WHAT YOU ARE ASKED TO DO: Please give the records below back in full, exactly as shown.

Start of Block

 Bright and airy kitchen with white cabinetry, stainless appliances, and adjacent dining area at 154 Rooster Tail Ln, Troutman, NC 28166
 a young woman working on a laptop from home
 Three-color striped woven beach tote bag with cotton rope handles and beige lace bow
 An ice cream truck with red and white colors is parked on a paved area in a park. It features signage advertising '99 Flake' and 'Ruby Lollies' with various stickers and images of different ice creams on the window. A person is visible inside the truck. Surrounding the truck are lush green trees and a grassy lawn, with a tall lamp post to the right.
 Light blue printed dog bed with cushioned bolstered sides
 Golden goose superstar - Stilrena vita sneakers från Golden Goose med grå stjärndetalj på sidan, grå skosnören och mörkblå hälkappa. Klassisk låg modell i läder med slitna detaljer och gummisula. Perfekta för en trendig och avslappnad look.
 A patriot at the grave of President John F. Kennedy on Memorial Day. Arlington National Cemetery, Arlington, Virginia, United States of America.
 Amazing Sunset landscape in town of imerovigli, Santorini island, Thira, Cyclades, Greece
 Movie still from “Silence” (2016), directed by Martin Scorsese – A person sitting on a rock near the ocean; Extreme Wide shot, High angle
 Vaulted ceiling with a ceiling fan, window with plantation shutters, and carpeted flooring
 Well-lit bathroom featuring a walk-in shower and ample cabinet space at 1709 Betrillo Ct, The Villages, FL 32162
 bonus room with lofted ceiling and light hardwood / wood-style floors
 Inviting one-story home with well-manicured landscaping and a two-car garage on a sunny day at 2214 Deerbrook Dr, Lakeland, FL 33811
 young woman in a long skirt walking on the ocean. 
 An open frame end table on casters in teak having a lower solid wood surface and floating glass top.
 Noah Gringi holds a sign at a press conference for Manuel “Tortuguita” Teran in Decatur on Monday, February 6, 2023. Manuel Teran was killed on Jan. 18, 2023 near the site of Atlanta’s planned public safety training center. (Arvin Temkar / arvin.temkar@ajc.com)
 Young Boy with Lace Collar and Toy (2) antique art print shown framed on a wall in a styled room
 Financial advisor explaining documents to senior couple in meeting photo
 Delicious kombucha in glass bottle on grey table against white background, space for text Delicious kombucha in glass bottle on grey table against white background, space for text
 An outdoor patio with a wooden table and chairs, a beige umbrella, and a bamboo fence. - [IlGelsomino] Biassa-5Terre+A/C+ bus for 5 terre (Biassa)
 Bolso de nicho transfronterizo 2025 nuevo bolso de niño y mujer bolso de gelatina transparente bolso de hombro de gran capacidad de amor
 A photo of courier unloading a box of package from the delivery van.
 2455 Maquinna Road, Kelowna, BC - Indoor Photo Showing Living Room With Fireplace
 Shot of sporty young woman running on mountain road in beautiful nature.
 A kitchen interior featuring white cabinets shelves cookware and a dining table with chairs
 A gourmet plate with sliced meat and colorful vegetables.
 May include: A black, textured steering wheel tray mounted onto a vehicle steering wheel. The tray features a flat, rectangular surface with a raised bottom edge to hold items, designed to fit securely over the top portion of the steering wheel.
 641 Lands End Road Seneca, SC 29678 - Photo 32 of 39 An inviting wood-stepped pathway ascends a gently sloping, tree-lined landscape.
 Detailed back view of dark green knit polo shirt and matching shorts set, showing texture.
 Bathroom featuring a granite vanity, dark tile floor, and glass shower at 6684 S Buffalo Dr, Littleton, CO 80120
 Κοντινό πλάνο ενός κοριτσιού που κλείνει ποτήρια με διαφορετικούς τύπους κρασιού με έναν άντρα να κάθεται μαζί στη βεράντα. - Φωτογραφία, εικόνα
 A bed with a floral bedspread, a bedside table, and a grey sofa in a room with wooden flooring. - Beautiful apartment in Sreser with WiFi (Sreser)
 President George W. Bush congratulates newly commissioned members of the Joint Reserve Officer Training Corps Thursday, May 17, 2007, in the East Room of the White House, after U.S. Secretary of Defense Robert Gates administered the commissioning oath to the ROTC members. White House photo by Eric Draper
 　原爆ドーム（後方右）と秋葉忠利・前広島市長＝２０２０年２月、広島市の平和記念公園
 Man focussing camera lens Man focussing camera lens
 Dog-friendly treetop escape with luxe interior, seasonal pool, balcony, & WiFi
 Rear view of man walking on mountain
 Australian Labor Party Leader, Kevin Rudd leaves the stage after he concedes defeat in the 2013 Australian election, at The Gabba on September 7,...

End of Block

OUTPUT OF THE TASK:
 Bright and airy kitchen with white cabinetry, stainless appliances, and adjacent dining area at 154 Rooster Tail Ln, Troutman, NC 28166
 a young woman working on a laptop from home
 Three-color striped woven beach tote bag with cotton rope handles and beige lace bow
 An ice cream truck with red and white colors is parked on a paved area in a park. It features signage advertising '99 Flake' and 'Ruby Lollies' with various stickers and images of different ice creams on the window. A person is visible inside the truck. Surrounding the truck are lush green trees and a grassy lawn, with a tall lamp post to the right.
 Light blue printed dog bed with cushioned bolstered sides
 Golden goose superstar - Stilrena vita sneakers från Golden Goose med grå stjärndetalj på sidan, grå skosnören och mörkblå hälkappa. Klassisk låg modell i läder med slitna detaljer och gummisula. Perfekta för en trendig och avslappnad look.
 A patriot at the grave of President John F. Kennedy on Memorial Day. Arlington National Cemetery, Arlington, Virginia, United States of America.
 Amazing Sunset landscape in town of imerovigli, Santorini island, Thira, Cyclades, Greece
 Movie still from “Silence” (2016), directed by Martin Scorsese – A person sitting on a rock near the ocean; Extreme Wide shot, High angle
 Vaulted ceiling with a ceiling fan, window with plantation shutters, and carpeted flooring
 Well-lit bathroom featuring a walk-in shower and ample cabinet space at 1709 Betrillo Ct, The Villages, FL 32162
 bonus room with lofted ceiling and light hardwood / wood-style floors
 Inviting one-story home with well-manicured landscaping and a two-car garage on a sunny day at 2214 Deerbrook Dr, Lakeland, FL 33811
 young woman in a long skirt walking on the ocean. 
 An open frame end table on casters in teak having a lower solid wood surface and floating glass top.
 Noah Gringi holds a sign at a press conference for Manuel “Tortuguita” Teran in Decatur on Monday, February 6, 2023. Manuel Teran was killed on Jan. 18, 2023 near the site of Atlanta’s planned public safety training center. (Arvin Temkar / arvin.temkar@ajc.com)
 Young Boy with Lace Collar and Toy (2) antique art print shown framed on a wall in a styled room
 Financial advisor explaining documents to senior couple in meeting photo
 Delicious kombucha in glass bottle on grey table against white background, space for text Delicious kombucha in glass bottle on grey table against white background, space for text
 An outdoor patio with a wooden table and chairs, a beige umbrella, and a bamboo fence. - [IlGelsomino] Biassa-5Terre+A/C+ bus for 5 terre (Biassa)
 Bolso de nicho transfronterizo 2025 nuevo bolso de niño y mujer bolso de gelatina transparente bolso de hombro de gran capacidad de amor
 A photo of courier unloading a box of package from the delivery van.
 2455 Maquinna Road, Kelowna, BC - Indoor Photo Showing Living Room With Fireplace
 Shot of sporty young woman running on mountain road in beautiful nature.
 A kitchen interior featuring white cabinets shelves cookware and a dining table with chairs
 A gourmet plate with sliced meat and colorful vegetables.
 May include: A black, textured steering wheel tray mounted onto a vehicle steering wheel. The tray features a flat, rectangular surface with a raised bottom edge to hold items, designed to fit securely over the top portion of the steering wheel.
 641 Lands End Road Seneca, SC 29678 - Photo 32 of 39 An inviting wood-stepped pathway ascends a gently sloping, tree-lined landscape.
 Detailed back view of dark green knit polo shirt and matching shorts set, showing texture.
 Bathroom featuring a granite vanity, dark tile floor, and glass shower at 6684 S Buffalo Dr, Littleton, CO 80120
 Κοντινό πλάνο ενός κοριτσιού που κλείνει ποτήρια με διαφορετικούς τύπους κρασιού με έναν άντρα να κάθεται μαζί στη βεράντα. - Φωτογραφία, εικόνα
 A bed with a floral bedspread, a bedside table, and a grey sofa in a room with wooden flooring. - Beautiful apartment in Sreser with WiFi (Sreser)
 President George W. Bush congratulates newly commissioned members of the Joint Reserve Officer Training Corps Thursday, May 17, 2007, in the East Room of the White House, after U.S. Secretary of Defense Robert Gates administered the commissioning oath to the ROTC members. White House photo by Eric Draper
 　原爆ドーム（後方右）と秋葉忠利・前広島市長＝２０２０年２月、広島市の平和記念公園
 Man focussing camera lens Man focussing camera lens
 Dog-friendly treetop escape with luxe interior, seasonal pool, balcony, & WiFi
 Rear view of man walking on mountain
 Australian Labor Party Leader, Kevin Rudd leaves the stage after he concedes defeat in the 2013 Australian election, at The Gabba on September 7,...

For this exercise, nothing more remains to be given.